▶ _Record set_:
[Start of section]

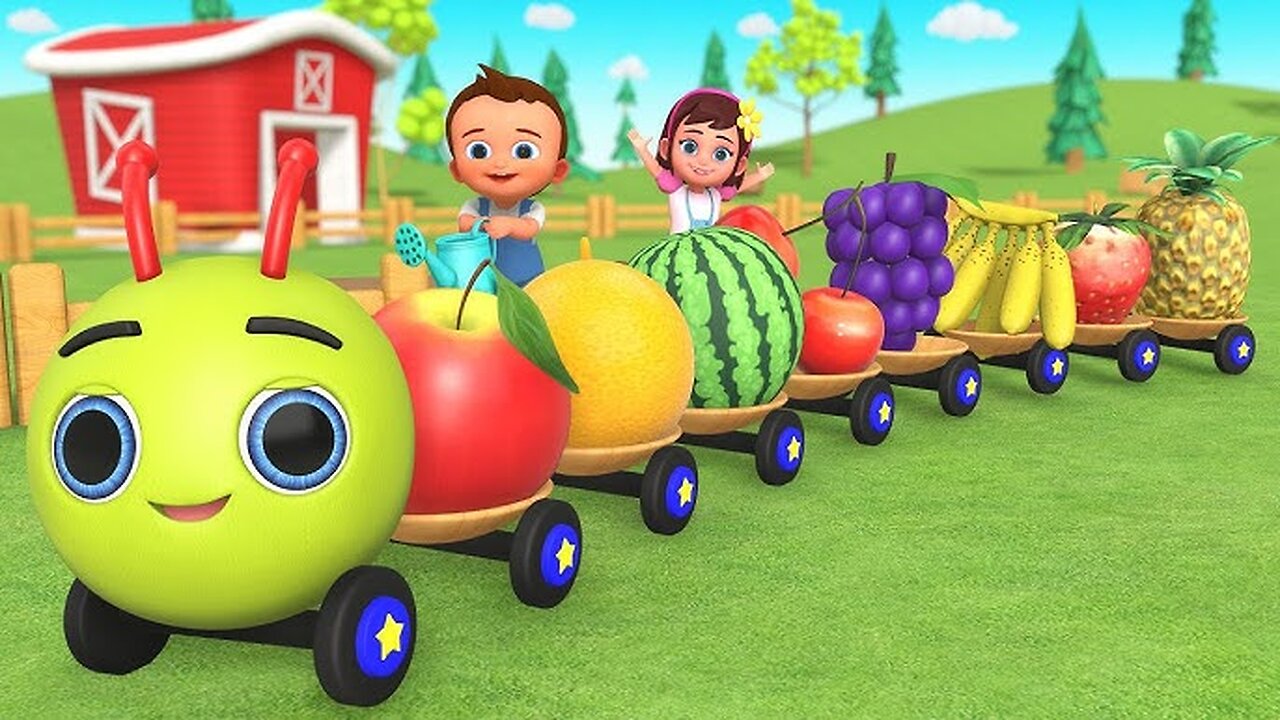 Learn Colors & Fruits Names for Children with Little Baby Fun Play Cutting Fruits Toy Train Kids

[End of section]
[Start of section]

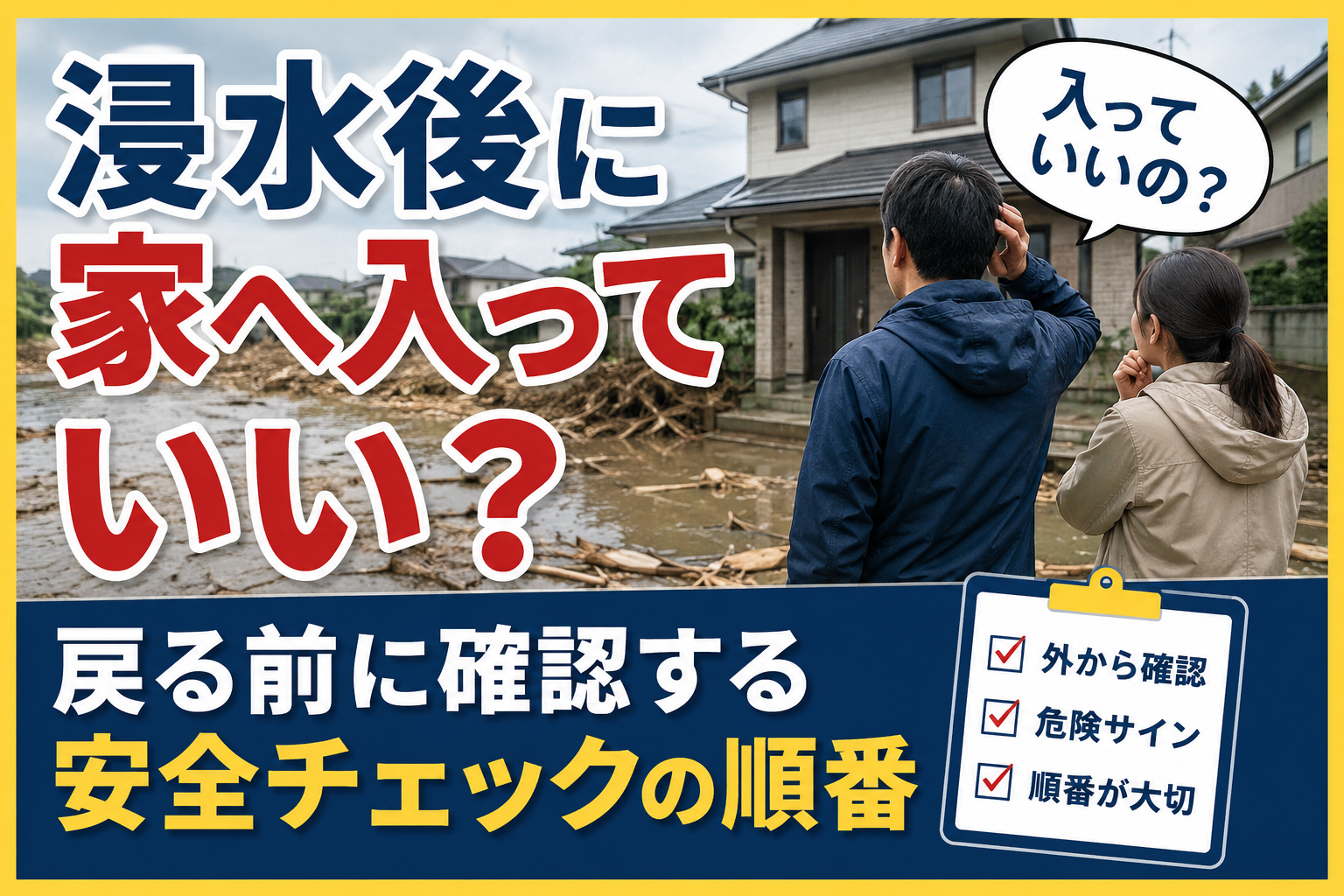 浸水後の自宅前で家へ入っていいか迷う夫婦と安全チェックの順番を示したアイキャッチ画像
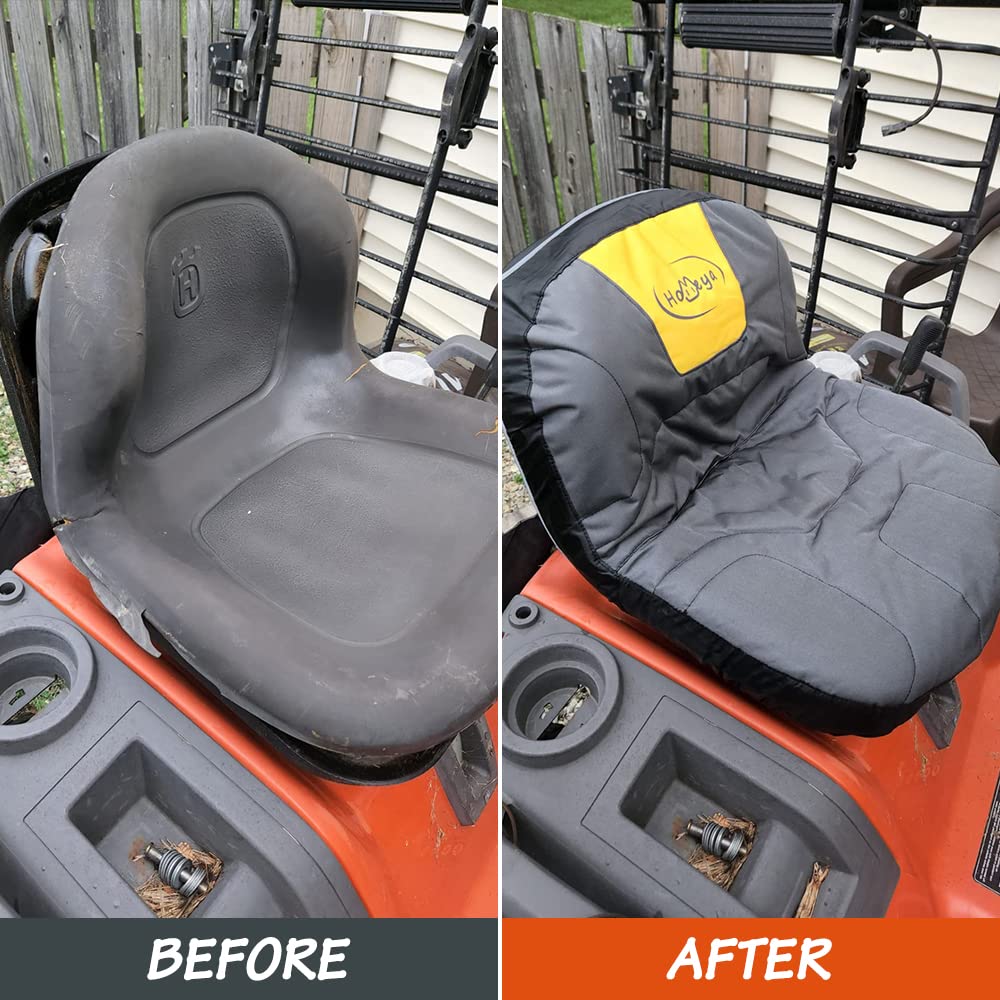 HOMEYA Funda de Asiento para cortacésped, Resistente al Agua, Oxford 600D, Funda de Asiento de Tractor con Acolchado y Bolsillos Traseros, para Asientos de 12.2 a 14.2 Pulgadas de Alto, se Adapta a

[End of section]
[Start of section]

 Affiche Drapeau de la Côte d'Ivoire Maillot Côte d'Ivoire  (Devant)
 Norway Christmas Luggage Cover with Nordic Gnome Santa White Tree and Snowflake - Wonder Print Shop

[End of section]

▶ _Required work_:
Restate the lines above from the one containing "浸水後の自宅前で家へ入ってい" through the one containing "HOMEYA Funda de", inclusive, exactly and without pictures.

▶ _Answer below_:
 浸水後の自宅前で家へ入っていいか迷う夫婦と安全チェックの順番を示したアイキャッチ画像
 HOMEYA Funda de Asiento para cortacésped, Resistente al Agua, Oxford 600D, Funda de Asiento de Tractor con Acolchado y Bolsillos Traseros, para Asientos de 12.2 a 14.2 Pulgadas de Alto, se Adapta a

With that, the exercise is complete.